Khurshid, a senior Congress leader, said it was more than clear that "we do not have a war option with Pakistan".
"So our failure is writ large. We have to find a solution. It is not our job in the opposition to give him a solution unless he consults with us. Unless he asks us what can be done. But this is not something that can be allowed to go on indefinitely," he said.
Asked if the Congress party had any suggestions for the government, he said, "We have no suggestions except that he should first tell us to the truth".
"He has never told us the truth about Pakistan; what he has said to them, what does he do (in) meetings with them, what does he share, what do they promise. He must share with us something before we can tell him what to do," Khurshid said.
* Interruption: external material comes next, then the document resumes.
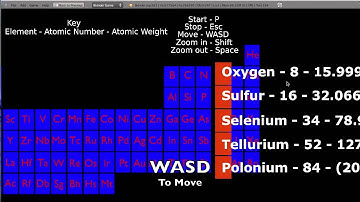 Interactive Periodic Table - Blender Game Engine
The former minister said India has been unable to go "beyond a certain point with our agenda as far as the US is concerned".
"Yes, I certainly think we have gone into the US camp. We have got very little in return. We used to get concrete results from being with the (erstwhile) Soviet Union -- not just with it, but with the rest of the world that was aligned towards socialism. So I think there are major issues there. And we have gone in blind, we haven't calculated properly."
Khurshid, whose latest book "Triple Talaq: Examining Faith" has hit the stands, said India was getting global attention not because of its foreign policy but because of its economic potential.
"Our markets are forcing people to show interest and the Indian diaspora is playing an increasingly important role in the world. These things give us stature.
"This is not the kind of stature we had when India provided leadership to the Third World under (Prime Minister Jawaharlal) Nehru and the comfort India had when the Soviet Union stood strongly with India and India was an exponent of non-alignment," he said.
He said Modi has shown an "enormous amount of energy of salesmanship" and has done a reasonably effective job in this respect because of his oratory.
"I don't think in foreign policy, if you look around the neighbourhood, if you look around West Asia, if you look around Europe, if you look at Africa, I don't think we have a consistently coordinated foreign policy posture that will be appreciated in the world. The way we are jumping from leg to leg on Israel and Palestine, the way we are dealing with China vis-a-vis Japan and China itself, the way we are keeping a very low relationship with Russia," he said.
Khurshid, who was External Affairs Minister in the Congress-led United Progressive Alliance (UPA) government, said India was consulted on major international flashpoints in the past -- but that was no longer the case.
"In the past, nothing moved without India being consulted. Today, in Syria nobody wants to know what India thinks, in Iraq nobody wants to know what India thinks. I think we are losing our grip on the world as far as foreign policy is concerned," he said.